Kraft moves from bench to boardroom

Dan Glaun

Longtime Russell Gardens resident Ruth Kraft’s spent almost a decade as a civil frauds judge, deciding cases about employers accused of failing to pay employment taxes. 

Now, as an attorney at Garden City-based Kirschenbaum & Kirschenbaum, P.C., she works the other side of the courthouse, advising businesses how to comply with what she describes as the complex employment laws set by the state.

“I felt like the challenge [of serving as a judge] was gone,” Kraft said. “I am very much a problem solver and a strategizer. As a judge, you get to solve problems but you don’t get to strategize too much.”

Kraft worked earlier in her career worked as a law professor at New York University before taking time off to care for her young children. When she returned to the labor force, she said, it was in the middle of a push to attract academics and law professionals of different backgrounds judgeships, which had typically been given to trial lawyers

“When I decided that I want to go back to work, it was very fortuitous that [former New York City] Mayor Giuliani was making appointments, and there was a move in the court system to try to create a more diverse judiciary,” Kraft said. “A friend of mine said you really should apply for a judgeship, so I did.”

Kraft was one of a small group of judges deciding employment tax cases, she said. Kraft and her colleagues had to measure the often thin grey line between employees and independent contractors – a distinction that meant big expenses for businesses that tried to skirt employment taxes.

“There are probably 20, 25 people who have been trained to do these cases,” she said.

The type of law Kraft practices, she said, is fulfilling both on an intellectual level in its complexity and because of its immediacy to the workers and businesses involved.

“It’s intellectually stimulating, and the other part of it that’s very special is the decisions that people make, and their feelings about the workplace are very personalized,” Kraft said. “If I told you you were fired, that becomes a very personal thing in your life.”

She described one notable case, where a venture capitalist had started a Web-based service to connect employees and workers as independent contractors – freeing those businesses from the need to pay taxes associated with formal employees.
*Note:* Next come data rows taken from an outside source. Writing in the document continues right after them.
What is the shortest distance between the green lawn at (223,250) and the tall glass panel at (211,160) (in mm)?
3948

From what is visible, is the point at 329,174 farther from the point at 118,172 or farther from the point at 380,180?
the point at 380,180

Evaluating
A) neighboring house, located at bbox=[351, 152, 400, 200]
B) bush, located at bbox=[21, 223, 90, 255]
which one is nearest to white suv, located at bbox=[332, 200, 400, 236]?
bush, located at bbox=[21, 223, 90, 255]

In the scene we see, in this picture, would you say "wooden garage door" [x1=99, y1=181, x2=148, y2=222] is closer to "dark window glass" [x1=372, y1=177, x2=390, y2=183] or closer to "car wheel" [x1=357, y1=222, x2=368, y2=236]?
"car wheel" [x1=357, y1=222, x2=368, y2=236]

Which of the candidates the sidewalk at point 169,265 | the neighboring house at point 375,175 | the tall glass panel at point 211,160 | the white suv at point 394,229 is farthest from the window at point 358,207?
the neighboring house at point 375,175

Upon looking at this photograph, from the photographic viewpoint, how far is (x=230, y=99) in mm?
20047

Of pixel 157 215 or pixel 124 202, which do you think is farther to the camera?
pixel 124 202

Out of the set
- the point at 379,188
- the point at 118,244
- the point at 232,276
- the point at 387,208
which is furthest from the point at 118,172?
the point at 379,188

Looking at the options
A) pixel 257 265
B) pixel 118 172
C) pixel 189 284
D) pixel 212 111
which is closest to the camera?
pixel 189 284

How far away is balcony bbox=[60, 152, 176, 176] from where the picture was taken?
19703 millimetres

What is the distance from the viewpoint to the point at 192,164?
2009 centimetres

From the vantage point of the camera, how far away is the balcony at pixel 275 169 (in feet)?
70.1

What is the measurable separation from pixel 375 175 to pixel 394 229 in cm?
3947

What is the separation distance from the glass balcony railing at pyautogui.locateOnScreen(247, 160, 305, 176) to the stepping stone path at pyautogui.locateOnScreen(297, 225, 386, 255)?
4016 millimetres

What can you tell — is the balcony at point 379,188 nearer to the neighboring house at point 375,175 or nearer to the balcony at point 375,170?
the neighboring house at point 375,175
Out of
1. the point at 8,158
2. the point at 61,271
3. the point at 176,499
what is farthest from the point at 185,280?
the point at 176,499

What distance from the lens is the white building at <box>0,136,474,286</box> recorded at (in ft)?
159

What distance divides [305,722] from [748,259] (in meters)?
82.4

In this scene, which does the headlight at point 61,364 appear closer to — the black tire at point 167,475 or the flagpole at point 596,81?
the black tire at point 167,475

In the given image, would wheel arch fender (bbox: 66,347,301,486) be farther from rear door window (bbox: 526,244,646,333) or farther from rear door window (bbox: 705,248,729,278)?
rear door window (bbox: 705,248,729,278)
But when one worker lost his position lost his position and filed for unemployment – a benefit reserved for those on company payrolls – the investor was suddenly put at unanticipated legal risk for taxation on labor of all the site’s users.

“The irony was, the plaintiff in the case was one little guy in his 20s who had no clue that by filing for unemployment he had opened pandora’s box for this company,” Kraft said.

And while some cases were driven by legal confusion, some were deliberately attempts to skirt the law – such as the case of a medical practice that counted its employees, including doctors, as independent contractors. That case took eight months to try, Kraft said.

“He had them all as independent contractors to avoid the employment tax,” she added.

Kraft lives with her husband Robert, a plastic surgeon, in Russell Gardens. She has two grown sons.

“I love it. It’s a lovely community, it really really is,” Kraft said.